What is expected: Below are some entries. Repeat exactly the lines from the one with "1919 Booklet of" through the one with "Danger zone with", and only those.

Dataset excerpts:
+ + + + +
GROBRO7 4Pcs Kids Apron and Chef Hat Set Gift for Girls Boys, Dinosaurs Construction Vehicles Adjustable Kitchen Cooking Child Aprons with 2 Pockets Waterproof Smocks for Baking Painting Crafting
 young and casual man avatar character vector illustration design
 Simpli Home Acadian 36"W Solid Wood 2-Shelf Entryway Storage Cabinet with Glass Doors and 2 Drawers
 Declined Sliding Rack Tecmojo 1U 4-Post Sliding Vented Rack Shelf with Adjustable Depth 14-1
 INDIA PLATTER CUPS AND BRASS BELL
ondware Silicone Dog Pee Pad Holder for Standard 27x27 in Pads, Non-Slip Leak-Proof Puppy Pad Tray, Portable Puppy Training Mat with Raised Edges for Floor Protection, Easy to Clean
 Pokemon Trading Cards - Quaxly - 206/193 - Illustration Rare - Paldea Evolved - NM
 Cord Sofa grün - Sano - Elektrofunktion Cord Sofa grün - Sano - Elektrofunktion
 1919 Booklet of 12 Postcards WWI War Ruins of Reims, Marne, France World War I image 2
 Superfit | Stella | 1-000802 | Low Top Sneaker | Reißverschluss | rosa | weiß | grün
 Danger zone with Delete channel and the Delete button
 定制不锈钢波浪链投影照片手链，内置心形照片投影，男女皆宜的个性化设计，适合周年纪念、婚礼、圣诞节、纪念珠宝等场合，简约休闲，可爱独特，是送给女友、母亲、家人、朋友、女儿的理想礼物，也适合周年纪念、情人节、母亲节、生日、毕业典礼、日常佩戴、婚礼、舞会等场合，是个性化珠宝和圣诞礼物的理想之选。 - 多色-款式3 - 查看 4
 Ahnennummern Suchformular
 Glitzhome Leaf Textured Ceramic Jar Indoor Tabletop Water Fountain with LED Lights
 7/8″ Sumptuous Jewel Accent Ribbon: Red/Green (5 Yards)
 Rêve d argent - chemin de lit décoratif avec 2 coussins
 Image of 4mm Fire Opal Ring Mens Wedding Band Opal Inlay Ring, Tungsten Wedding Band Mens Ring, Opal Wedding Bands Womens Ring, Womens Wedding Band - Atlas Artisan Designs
+ + + + +
Answer below:
 1919 Booklet of 12 Postcards WWI War Ruins of Reims, Marne, France World War I image 2
 Superfit | Stella | 1-000802 | Low Top Sneaker | Reißverschluss | rosa | weiß | grün
 Danger zone with Delete channel and the Delete button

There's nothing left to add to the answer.